The KORA All Africa Music Awards are music awards given annually for musical achievement in sub-Saharan Africa. The awards were founded in 1994 by Benin born businessman, Ernest Adjovi, after a discussion in Namibia with the country's President Hage Geingob. The award is named after the kora, a West African plucked chordophone.

The awards have been subject to several postponements since 1994 with a variety of reasons given. Problems have arisen with contracts signed, large sums of monies have been paid and the event postponed.

In 2011 Adjovi was detained by the Nigerian Police Force with allegations he defrauded three Nigerian bodies. In 2008 Adjovi allegedly accepted [US]$2.5 million for the 2008 Awards to be hosted by the Cross River State Government. He later allegedly struck an agreement with the Lagos State Government for US$7.5 million but the awards were not staged until 2010 in Burkina Faso. At those awards brothers PSquare were named Artiste of the Year and were awarded a cash prize of $1 million but the prize was not forthcoming.

The 2015 awards were to be held 13 December in Namibia and a launch event was held in Namibia in May 2015. They were postponed to March 2016 and Adjovi was paid N$23,5 million. The awards did not take place and the whereabouts of Adovi is unknown. Namibia is trying to recover the money.

Since its inception, the KORA Awards has been staged eleven times on the African Continent. For the first ten years (1996-2005 - 9 Awards), the ceremony took place in South Africa. It has since moved to Burkina Faso (2010) and Côte d’Ivoire (2012).
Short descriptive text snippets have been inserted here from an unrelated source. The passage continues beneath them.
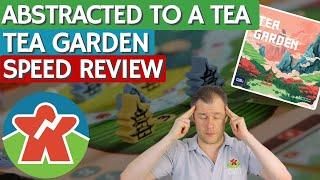 Tea Garden - Board Game Review - Abstracted To A Tea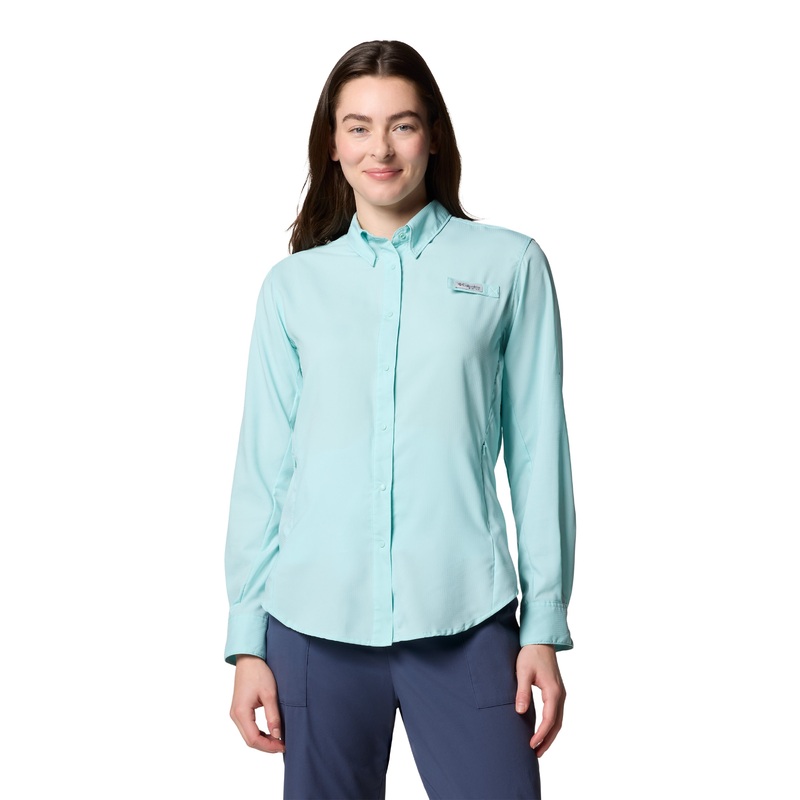 Women’s PFG Tamiami II Long Sleeve Shirt – Spray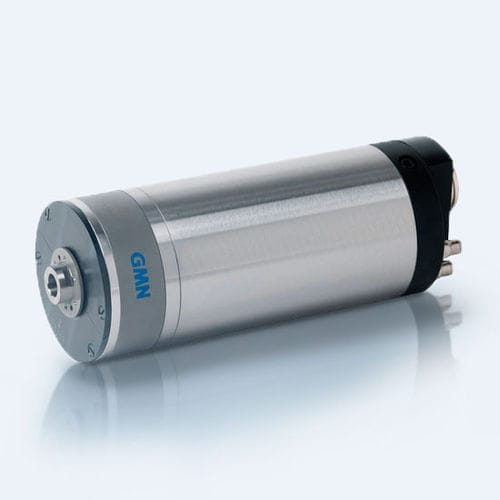 Husillo para rectificado - HS series - GMN - motorizado / de motor asíncrono / lubricado con aceite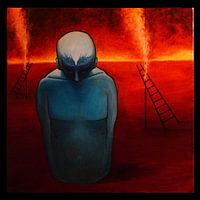 Ijdele dromen olieverf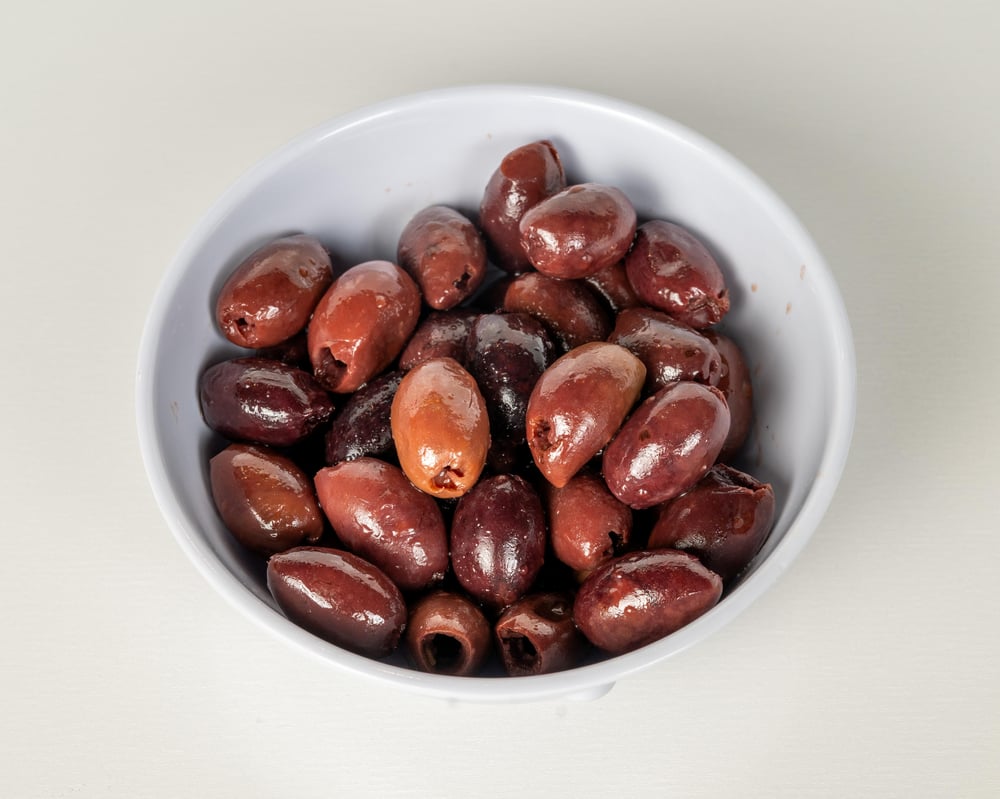 Kalamata Olives - 8 Oz (side)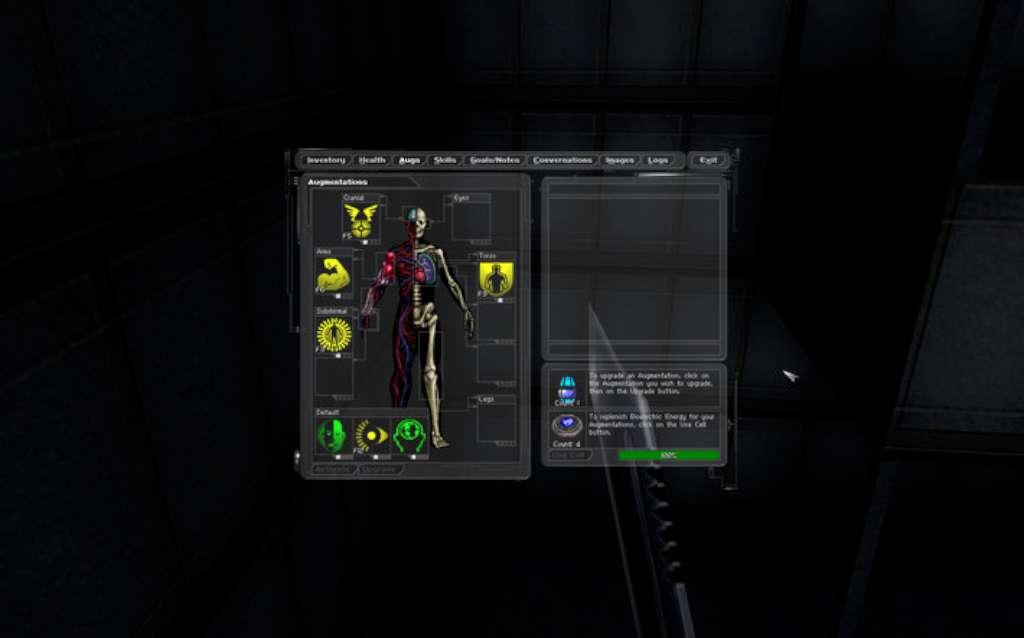 Screen Shot image 1 Deus Ex: Invisible War GOG كود رقمي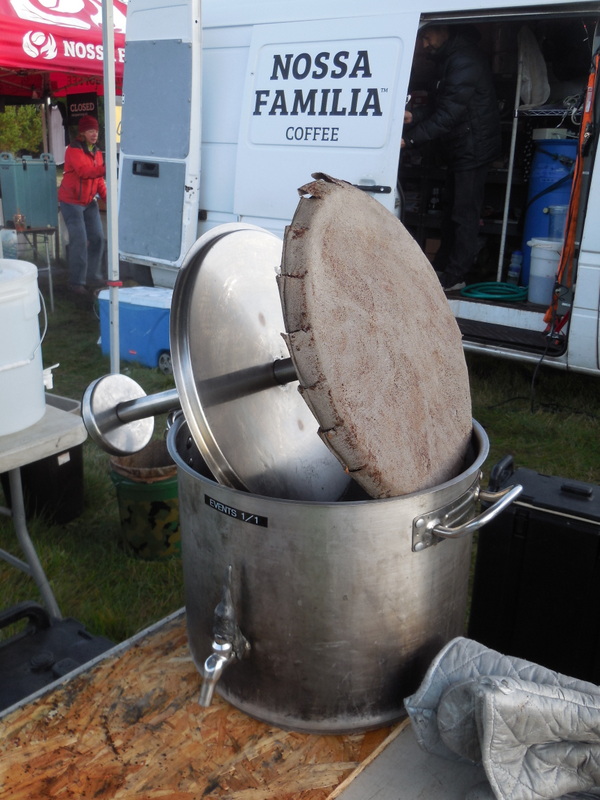 Gaint press plunger 1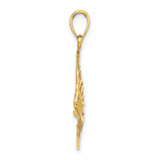 14K Cut-Out Angelfish Charm - K7-5B6318BD-8746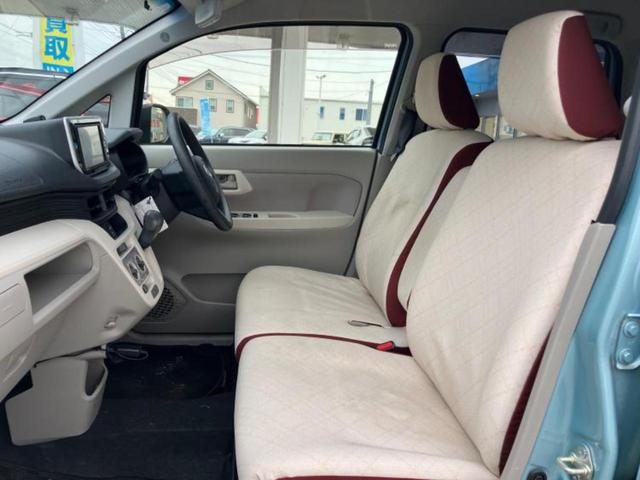 ムーヴ L SA3 保証書/純正 SDナビ/スマートアシスト(トヨタ・ダイハツ)/車線逸脱防止支援システム/ドライブレコーダー 前後/USBジャック/Bluetooth接続/ETC/EBD付ABS/横滑り防止装置 禁煙車(6枚目)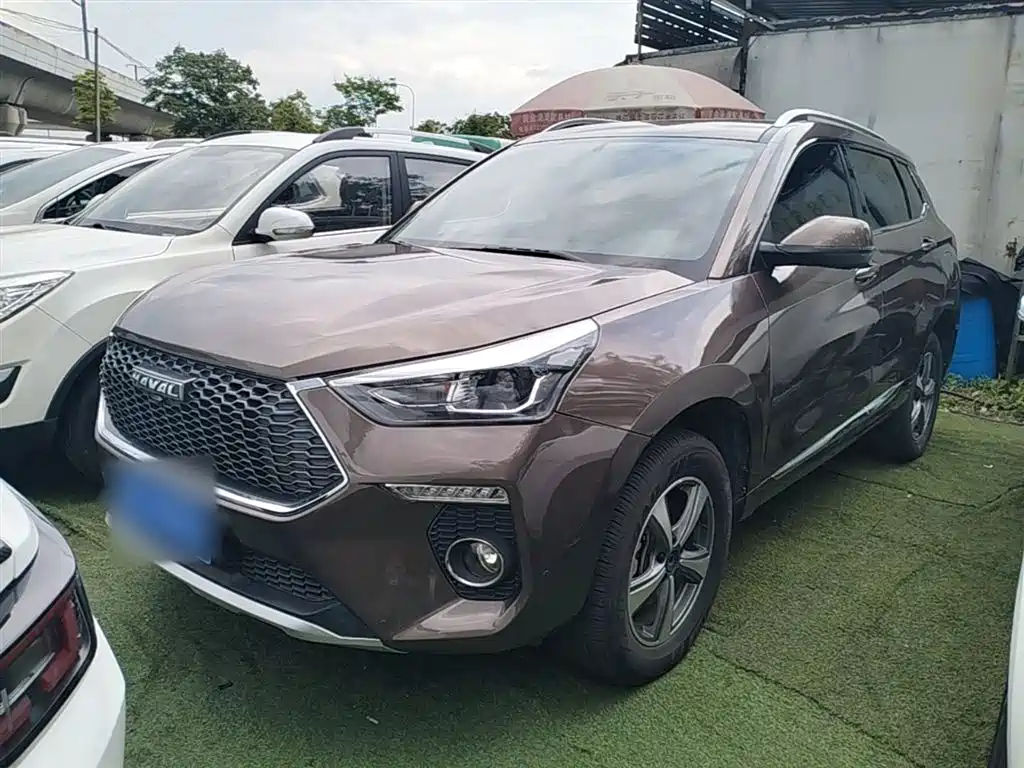 Haval H6 Coupe 2019 — фото 1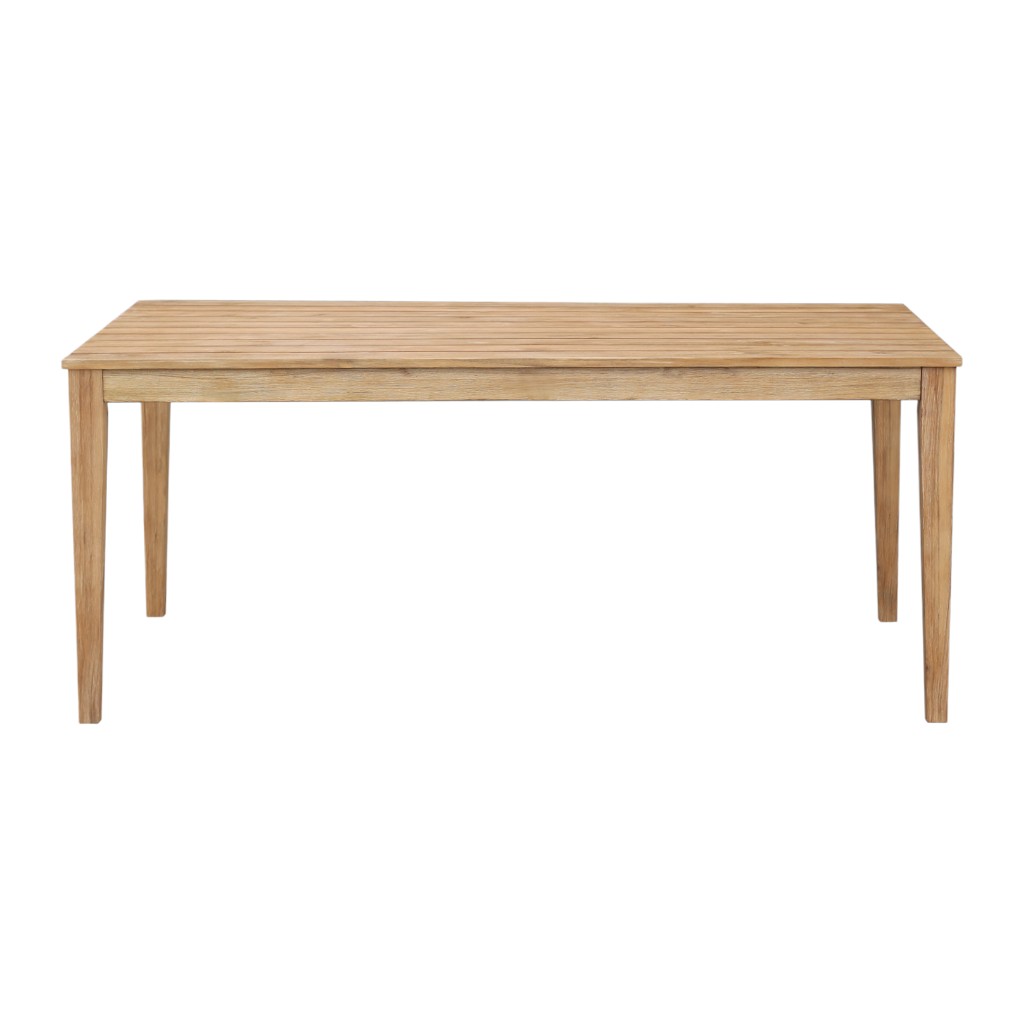 Mesa De Comedor De Patio Puno 160x90x75cm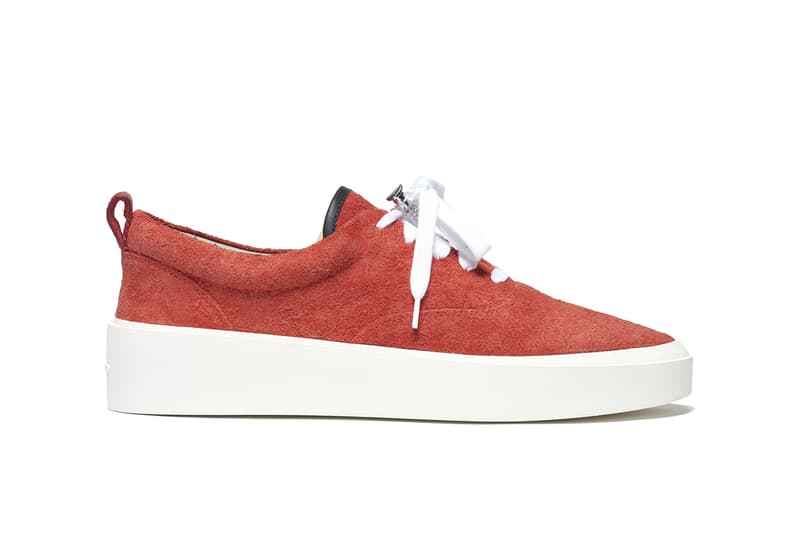 Fear of God SS19 101 Lace-Up & Skate Mid Shoes sixth collection spring summer 2019 release info colorways suede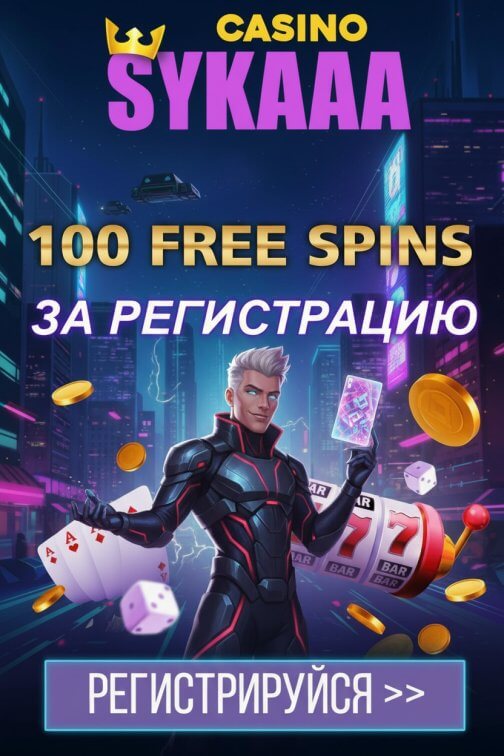 Зображення для 100 фриспинов без депозита для новичков в Sykaaa Casino &mdash; забирайте удачу!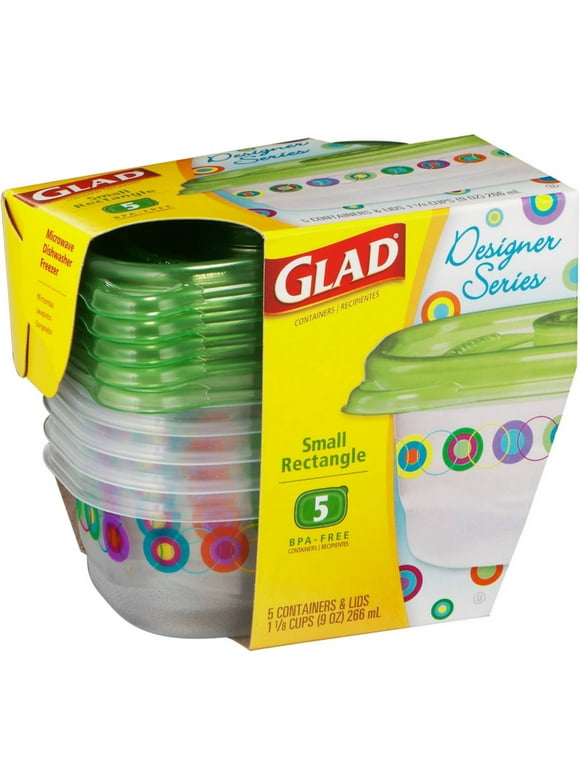 Glad Containers in Food Storage Containers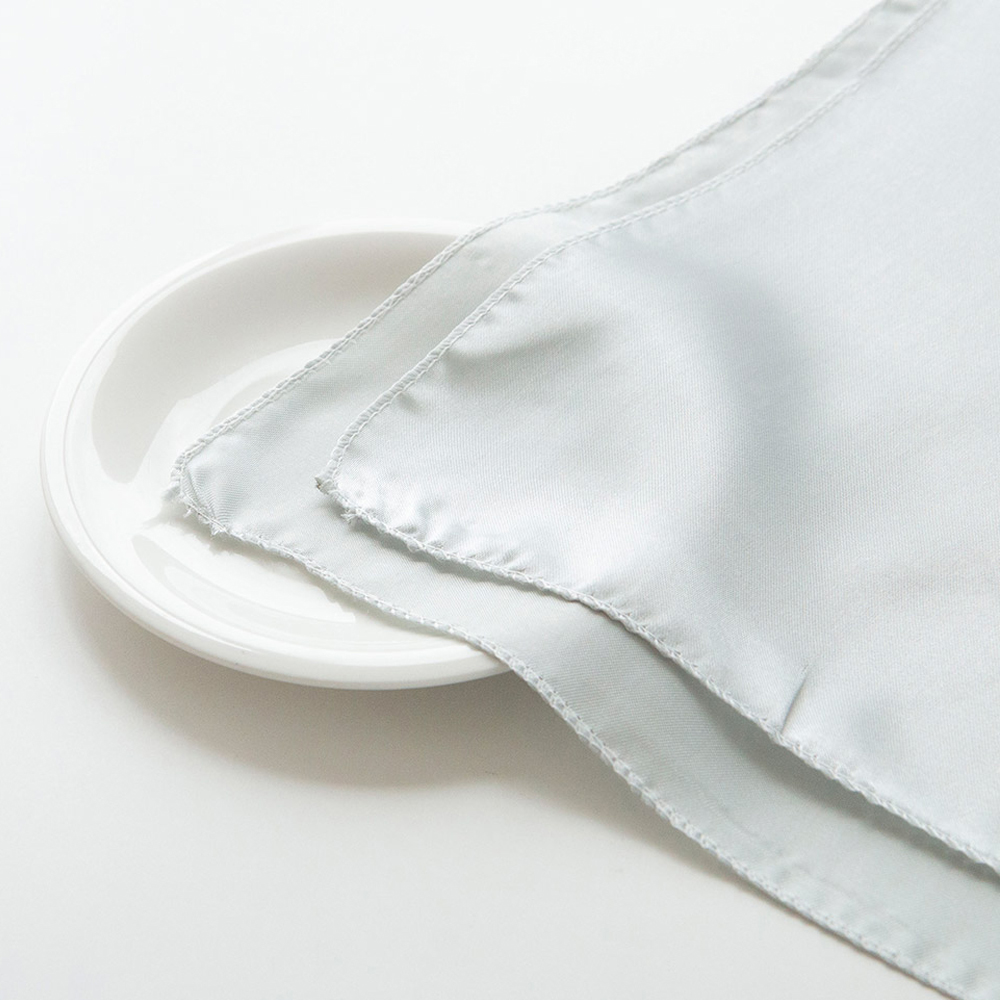 천가게 고급 선물 예단 답례품 명절 황금 공단보자기 90cm, 02 실버, 10개 7,500원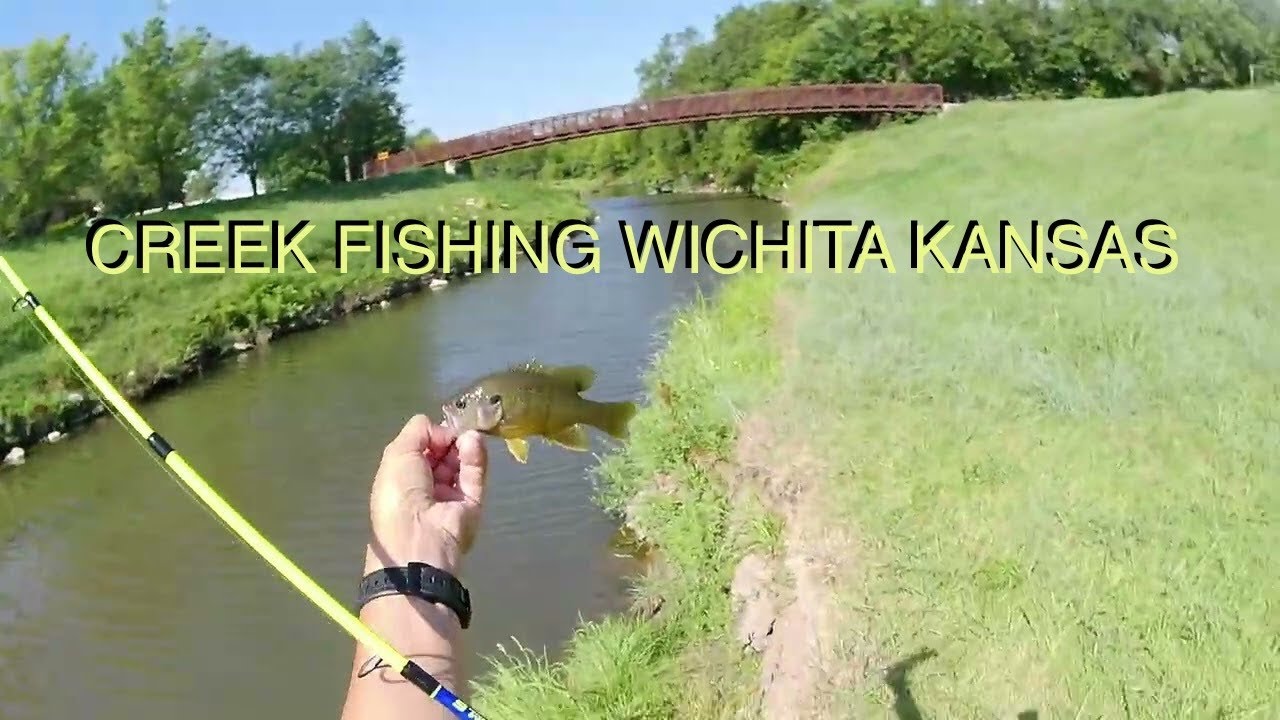 Creek Fishing Wichita Kansas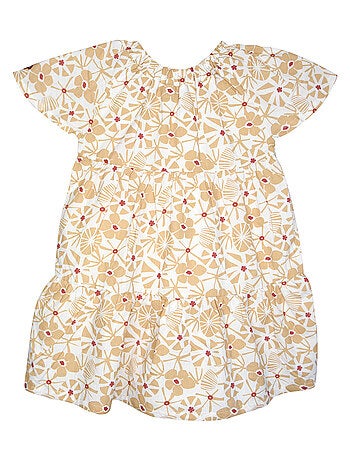 ROBE LORETA VOILE MANCHES COURTES ENFANT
Winners have come from many different countries: Algeria, Angola, Benin, Botswana, Burkina Faso, Burundi, Cameroon, Cape Verde, Comores, Côte d'Ivoire = Ivory Coast, Republic of the Congo = Congo, England, Ethiopia, France, Gabon, Ghana, Guinea, île de la Reunion, Kenya, Mali, Mauitius, Morocco, Nigeria, Democratic Republic of the Congo, Réunion, Rwanda, Senegal, Seyschelles, South Africa, Sweden, Tchad, Togo, Uganda, United States and Zimbabwe.